PAUL FRIESEN -- Winnipeg Sun

, Last Updated: 7:28 AM ET

It didn't get any play in the unveiling of the team's financial statement the other day.

Yet it's as critical to the long-term success of the Winnipeg Blue Bombers as any other line in the CFL club's budget.

It should make multi-year, six-figure contracts like the one signed yesterday by running back Charles Roberts more common down the road.

It's the Bombers stabilization fund. Some refer to it as a rainy-day fund.

Bomber president/CEO Lyle Bauer likes to call it the war chest.

Currently, it contains a balance of around $1 million -- not bad when you consider where this franchise was just five years ago, but still just a fraction of what the Bombers would like it to be.

Without the fund, this team is constantly treading water, inhaling mouthfuls of the stuff every time it has a down year at the box office.

With it, the community-owned franchise can compete with the big fish in the CFL pond -- the Montreal Alouettes, Toronto Argonauts, B.C. Lions and Edmonton Eskimos.

At least, that's the idea.

"It's going to be extremely important," Bauer was saying yesterday. "All signs point to escalating costs. All you have to do is look at the free agent market this winter."

In case you hadn't noticed, CFL teams have been throwing loonies at everything that moves. Even cornerbacks and backup quarterbacks are worth six-figure contracts these days.

If a privately owned team (hello, Calgary) needs a starting quarterback to give it instant credibility, it only has to raid the community-owned team (sorry, Saskatchewan) which can't afford to pay him as much.

The Bombers appear to be adopting the philosophy, "If you can't beat 'em, join 'em." Or at least, spend like 'em.

ONLY FOR EMERGENCIES

Roughly one-third of the team's stabilization fund (around $300,000) is highly restricted.
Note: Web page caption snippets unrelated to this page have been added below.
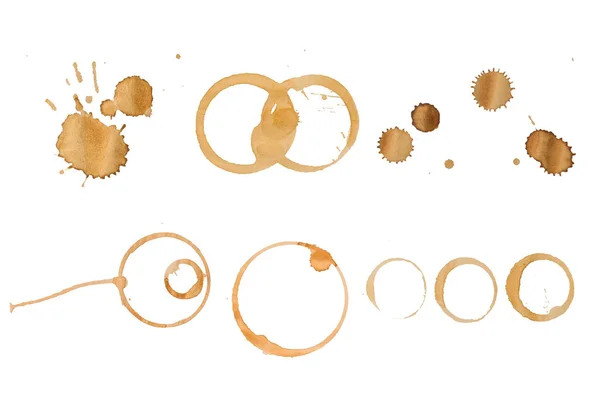 Collection Different Coffee Stains White Background — Stock Photo, Image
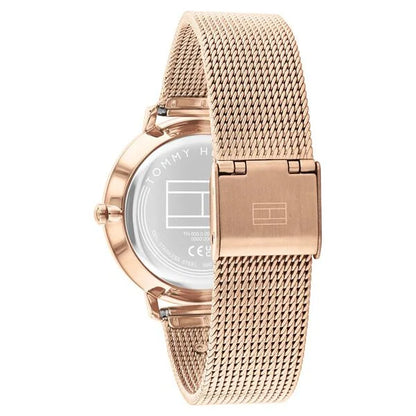 Tommy Hilfiger Quartz Multifunction Brown Dial Rose Gold Stainless Steel Strap Watch For Women
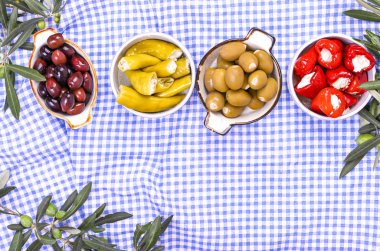 Geleneksel mezeler, Yunan mutfağından yeşil ve kırmızı zeytinler. Taze zeytin dalları. Uzayı kopyala Yukarıdan. Mavi kareli masa örtüsü.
It's only there for emergencies.

The rest, though, could be used for anything from attracting a Rolling Stones concert to signing a marquee player.
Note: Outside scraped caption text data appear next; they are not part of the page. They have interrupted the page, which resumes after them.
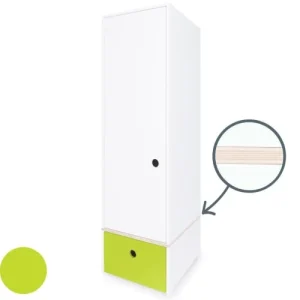 Wookids Armoire 1 Porte Façade Tiroir Citron Vert 10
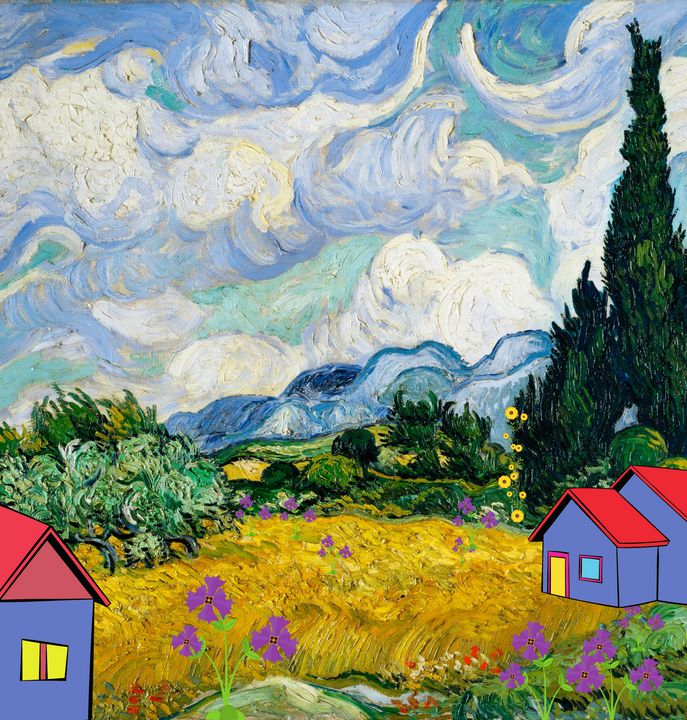 Wheat Fields with Cypress Cottages - Art4u2
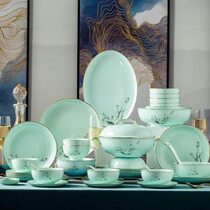 One meter YaYaYa gold edge ink tableware set bowls and plates household dishes set household simple Chinese style ceramics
There's one hitch, though.

"It won't be accessible until we get on the black side of the ledger," Bauer said.

So when the team finally erases the $217,788 debt still on its books, it can begin dipping into the fund.

Let's see ... if the Bombers have even a decent 2005, they should be able to stand up and declare themselves debt-free sometime early next year -- just in time to begin hyping Grey Cup '06.
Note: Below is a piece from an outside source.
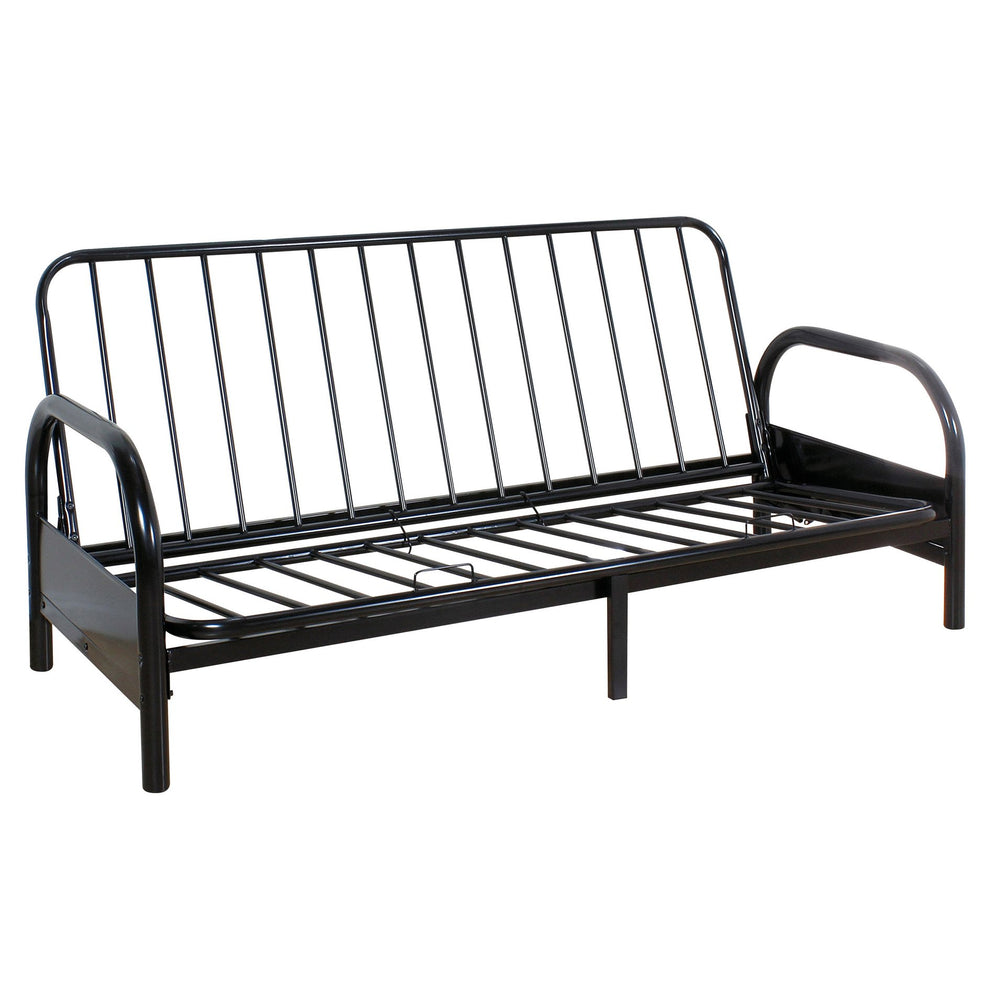 English Elm Black Adjustable Futon Frame with Sleek Metal Armrests, Convertible L-Shape to Lay-Flat, Sturdy Modern Design B062P181350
You all remember where Grey Cup '06 will be played, don't you?

And wouldn't it be something to have the host team actually playing in the game? Would sure guarantee we wouldn't have another '98 debacle, when barely 34,000 fans bought tickets for the big game, the smallest Cup crowd in the last 29 years.

So if, next February, coach Jim Daley and GM Brendan Taman figure they're an all-star or two away from being a legitimate Cup contender, maybe they'll ask for a little extra cash from the vault to sign a marquee free agent or two -- and the salary cap be damned.

Yes, we're getting a little ahead of ourselves, here. Who knows, the CFL might actually have an enforceable cap by then -- and pigs will fly.

You get the picture, though.

The Eskimos earlier this year announced their stabilization fund had reached $7.3 million. The last time they missed the playoffs -- 34 years ago.

"You don't see Edmonton lose too many free agents," Bauer said. "They don't usually start the war, but they usually win it."

You get the impression, though, that the Bombers are quietly gearing up for a fight.

One that could start as early as 2006.